At this stage, it’s generally the hiring manager identifying the need.
2. Fill out a job requisition form
Use a job requisition form to note relevant information about a role, such as the department, formal qualifications, timeline, and budget.
Then write a compelling business case to convince the leadership (HR or the finance department) why you need the new hire. Incorporate the company’s goals, how the role will impact business outcomes, and any consequences of not filling the position soon.
Typical elements of a job requisition form include:
- Job or position title: Designation for which you’re hiring
- Name of manager: Hiring manager raising the requisition
- Department: Team, project, or department the role belongs to
- Type of employment: Whether the position is temporary or permanent (full time, part time, contract, internship, etc.)
- Requisition type: Is the requisition for a new role or a backfill?
- Justification for the new hire: Business case for hiring, explaining the impact on business goals and KPIs
- Job description: Detailed description of the role (responsibilities, qualifications, experience)
- Fill date or timeline: Expected start date for the position
- Number of openings: Number of vacancies you’re hiring for
- Budget: Proposed salary band and perks or benefits
3. Involve stakeholders
Managing job requisitions is a team effort involving different stakeholders. In most cases, they include the finance team, the HR team, and senior executives or department heads.
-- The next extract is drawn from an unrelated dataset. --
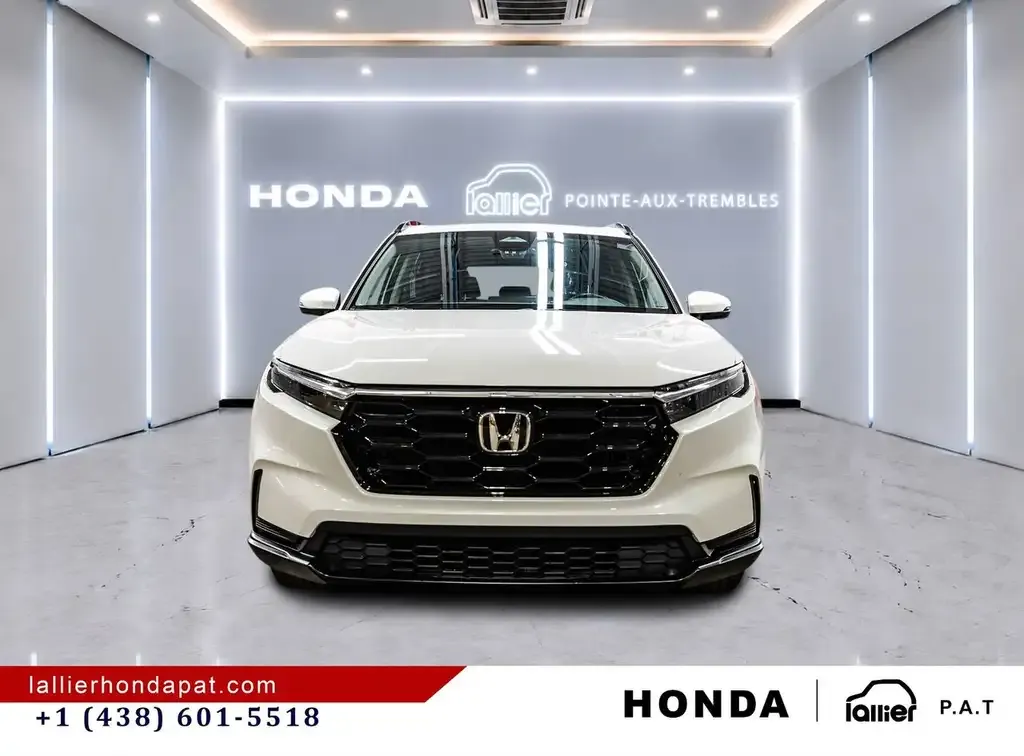 Honda Cr-V 2025 photo 2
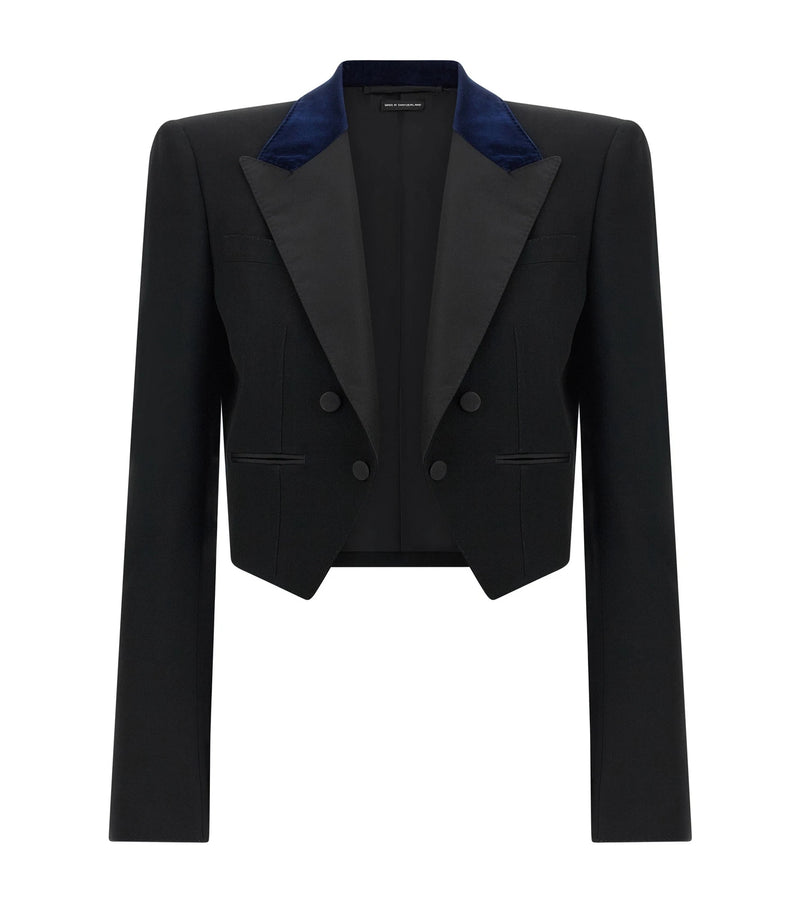 Tom Ford Blazer in black, Wool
These teams have the hiring data and requisition approval tools needed to move the process forward.
If you’re the hiring manager, get all stakeholders on board, so it’s easier to approve your request and expedite the hiring process. Emphasize the outcomes of the position, provide clear goals and KPIs, and show what they should expect from the role.
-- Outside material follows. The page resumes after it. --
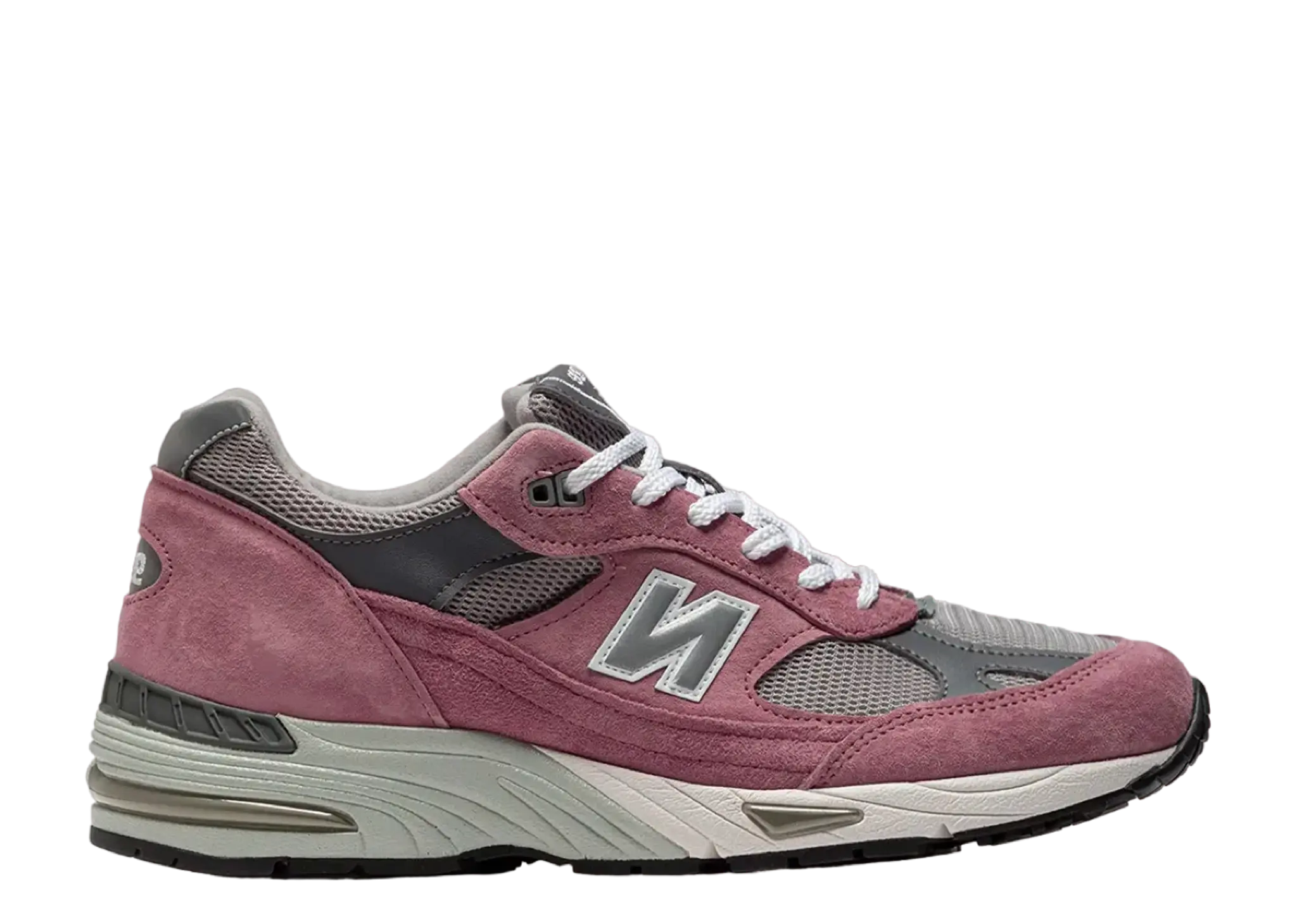 New Balance 991 MiUK Rose Pink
Once you complete the requisition form, send it to your department’s supervisor, who will forward it to the HR and/or finance department for approval.
4. Start the hiring process
After everyone gives the OK, the form goes back to the hiring manager for signing, then hiring can begin.
You can share the post with your recruitment team or hire an external recruitment agency to do it.
What is an evergreen job requisition?
An evergreen job requisition is a requisition that remains open or active all the time. An organization or team might keep positions open indefinitely to find the right candidates or fill openings as they occur.
Processes like these dramatically shorten the time to hire, which is beneficial to businesses.
Example roles that may have an evergreen job requisition include sales, customer service, and other high-volume positions with high turnover rates. It’s also ideal to use if the role is difficult to fill.
Evergreen job requisitions provide a consistent source of candidates to hire, so you’re less likely to face extended vacancy periods.
By maintaining an evergreen requisition and storing applications, your talent pipeline is filled — so you don’t have to start the recruitment process from scratch.
Job requisition examples
To give you an idea of what a job requisition looks like and what to expect, here’s a sample job requisition form from Tandem HR:
It’s a simple job requisition document that covers all the important elements, which you can emulate if you’re starting out or growing your business.
If you have a larger organization, you can use a more detailed form, such as the one Ohio State University uses, or craft your own. Alternatively, create an online job requisition template like this one by Doane University for easier workflow management.
Whether you’re creating a new role or filling a recently vacant position, knowing how to put together a job requisition request is the first step to talent acquisition. Filling it out carefully with the right information can increase your chances of getting it approved, finding suitable candidates, and setting your team up for success.